A revista Primeira Via, do TRE-RS, entrevistou-me sobre os protestos de junho. Abaixo, o conteúdo na íntegra.
Primeira Via - Em sua opinião, o que motivou a população de Porto Alegre (em especial, claro, mas também falando sobre a população de todas as demais cidades) a ir para as ruas?
Diogo da Luz - Acredito que as pessoas foram às ruas porque perceberam que as manifestações anteriores, que tinham menos pessoas, pautaram-se em causas justas e sensatas, como a contrariedade ao aumento das tarifas de ônibus. As manifestações aqui em Porto Alegre surtiram efeito e a passagem de ônibus não aumentou. Esse sucesso influenciou manifestantes de São Paulo, que inclusive escreveram em uma faixa: "Vamos imitar Porto Alegre".
Primeira Via - E, pessoalmente, o que lhe levou às ruas?
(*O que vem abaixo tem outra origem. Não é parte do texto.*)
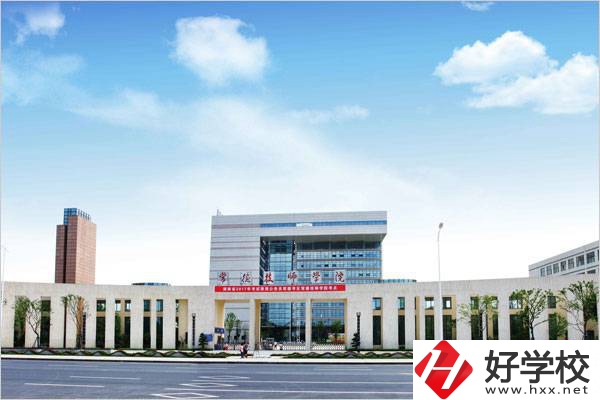 常德技師學(xué)院到底好不好？技師學(xué)院是什么？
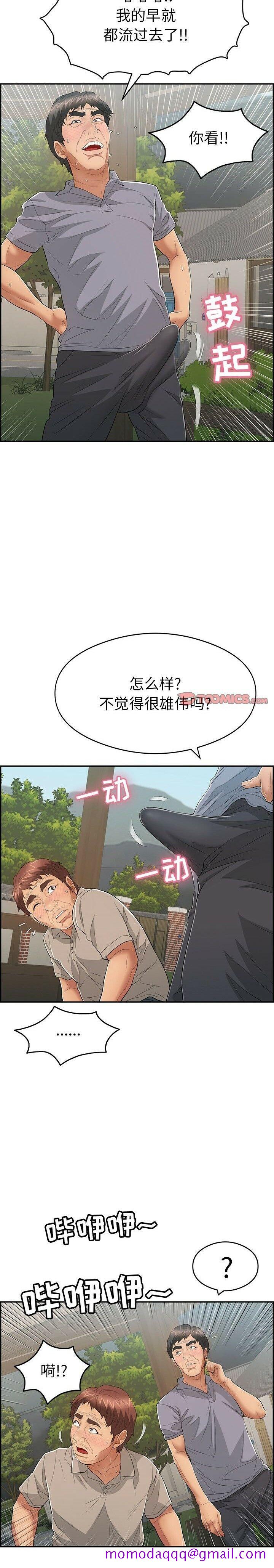 致命的你[h漫]韩漫全集-致命的妳-第66章无删减无遮挡章节图片 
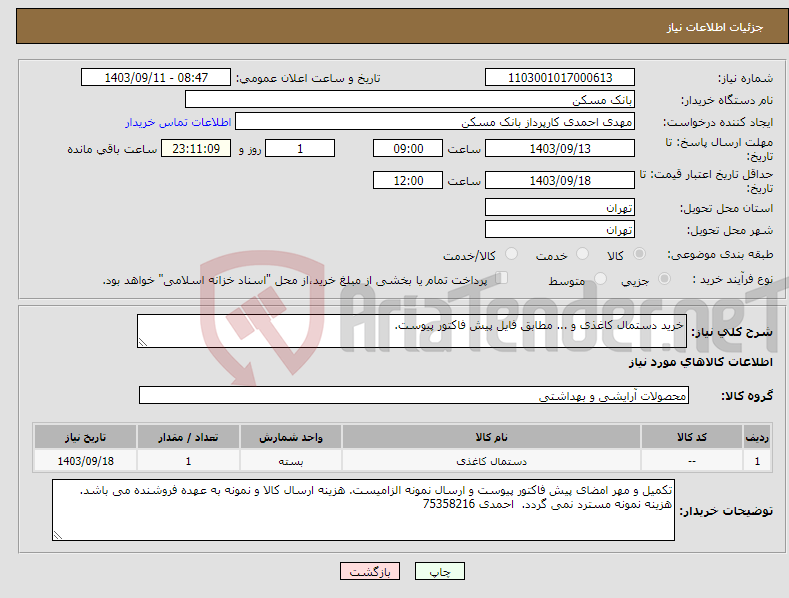 تصویر کوچک آگهی نیاز انتخاب تامین کننده-خرید دستمال کاغذی و ... مطابق فایل پیش فاکتور پیوست. 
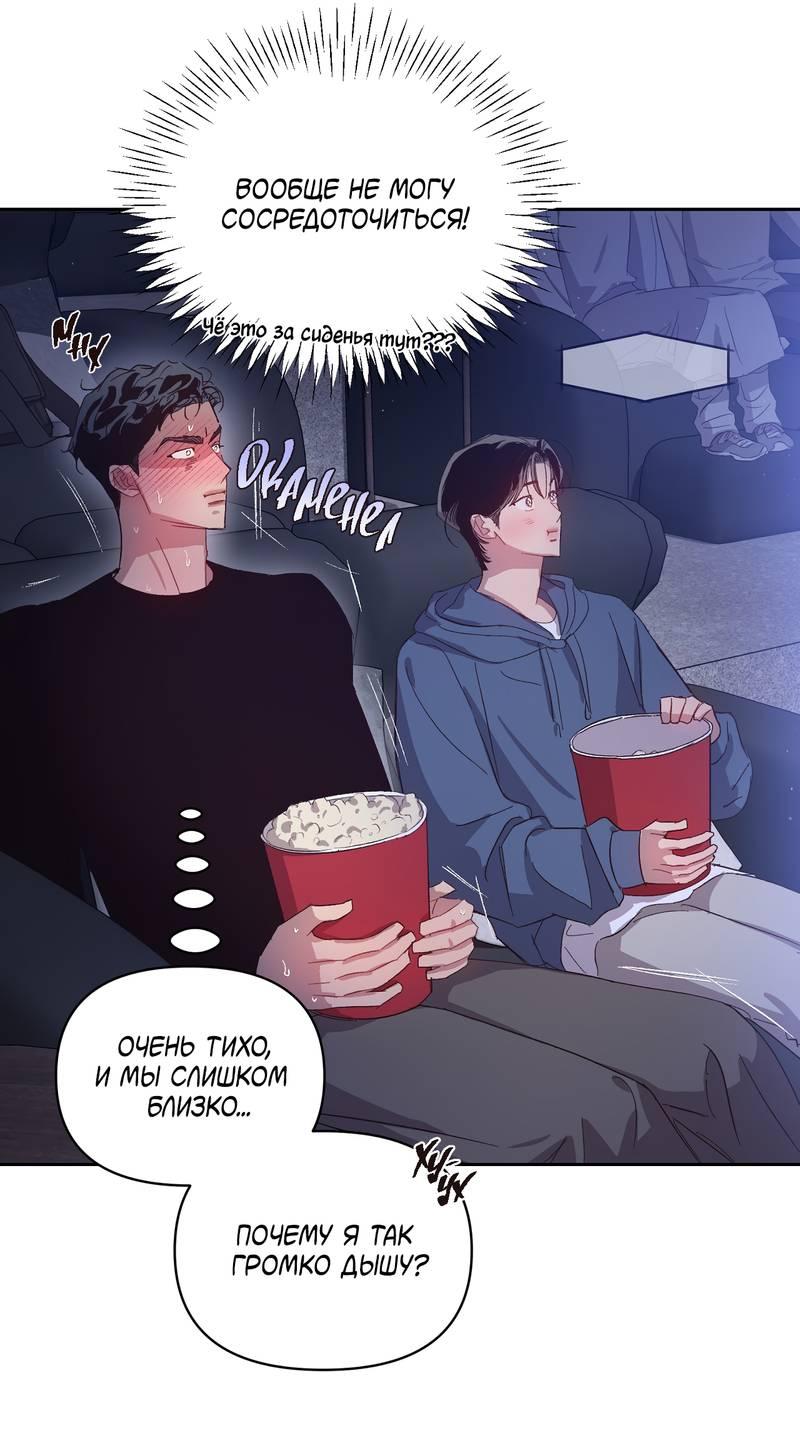 Манга Секрет в моей голове - Глава 30 Страница 10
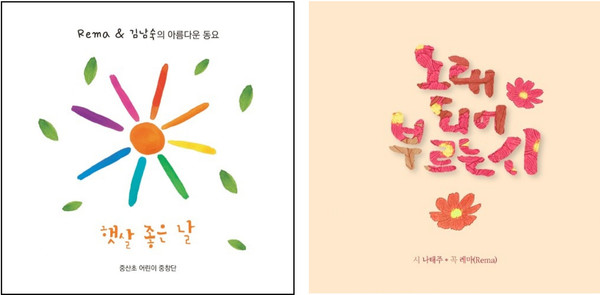 중산초 어린이 중창단 앨범과 나태주 시인과 협업한 앨범 '노래되어 부르는 시'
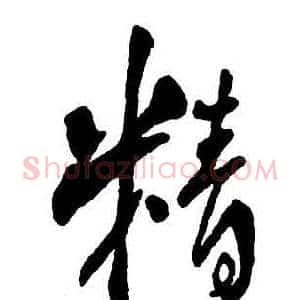 精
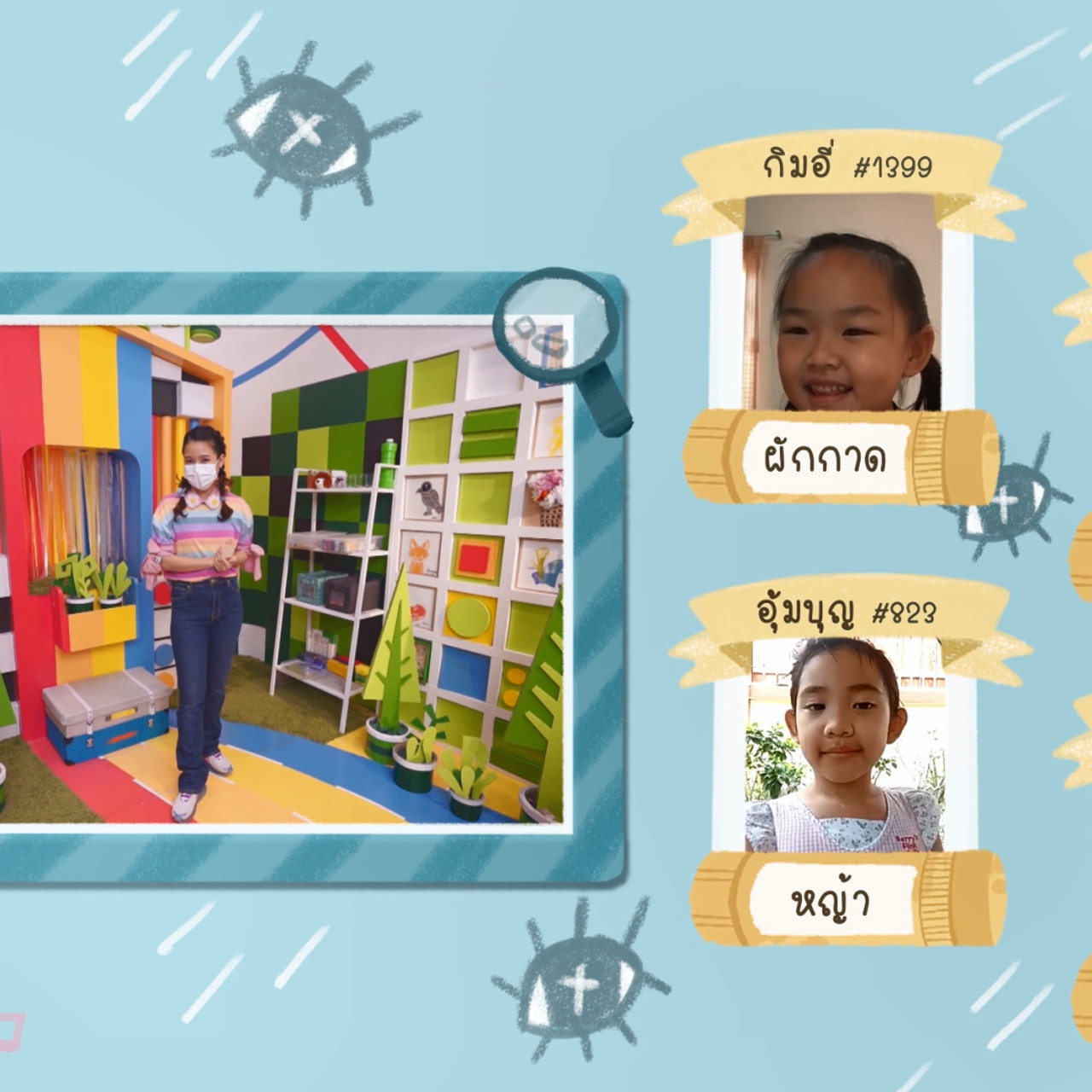 KidsSanook-640705-3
Você já tinha participado de manifestações anteriormente. Se a resposta for sim, quais as diferenças dos protestos anteriores para os protestos de agora?
Diogo da Luz - Eu fui a algumas manifestações porque sou usuário de transporte coletivo e acho que há um descaso neste setor há muito tempo. O TCE já apontou irregularidades nas contas apresentadas que, até o momento, não foram esclarecidas. Antes dos protestos de junho, somente tinha participado de manifestações pelo nosso sindicato, o SINTRAJUFE. Algo que percebi de diferente nestas manifestações que tomaram conta do país foi a forma horizontal em que esta se estabeleceu. A internet pode contribuir muito neste aspecto, pois amplia a participação das pessoas.
Primeira Via - Os manifestantes, em Porto Alegre, criticaram muito a ação da polícia militar e a cobertura jornalística de alguns veículos de imprensa ao longo dos protestos? O que você acha disso? Você presenciou alguma ação violenta da polícia? Algum amigo(a) sofreu algum tipo de violência? Você destacaria algum veículo ou alguma matéria particularmente questionável sobre os protestos?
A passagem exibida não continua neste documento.